WHAT IS BEING ASKED:
Starting at the line that contains "undefined Totes Recall" and stopping at the line that contains "discount, sale, special", restate each line of the records below exactly. Omit the pictures.

DATASET RECORDS:
........
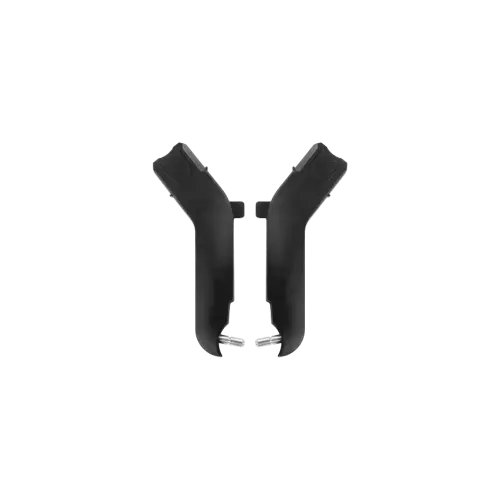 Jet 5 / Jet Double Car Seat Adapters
........
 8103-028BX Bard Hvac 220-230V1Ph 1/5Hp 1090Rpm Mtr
........
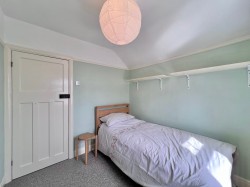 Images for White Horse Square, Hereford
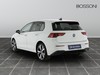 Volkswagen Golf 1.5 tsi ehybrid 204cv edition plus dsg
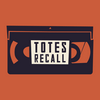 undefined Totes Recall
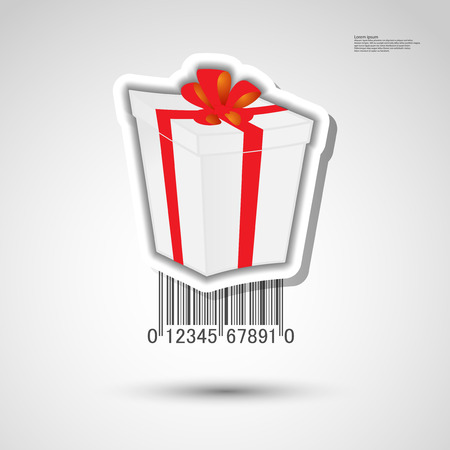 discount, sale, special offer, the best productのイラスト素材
........
ANSWER AREA:
 undefined Totes Recall
 discount, sale, special offer, the best productのイラスト素材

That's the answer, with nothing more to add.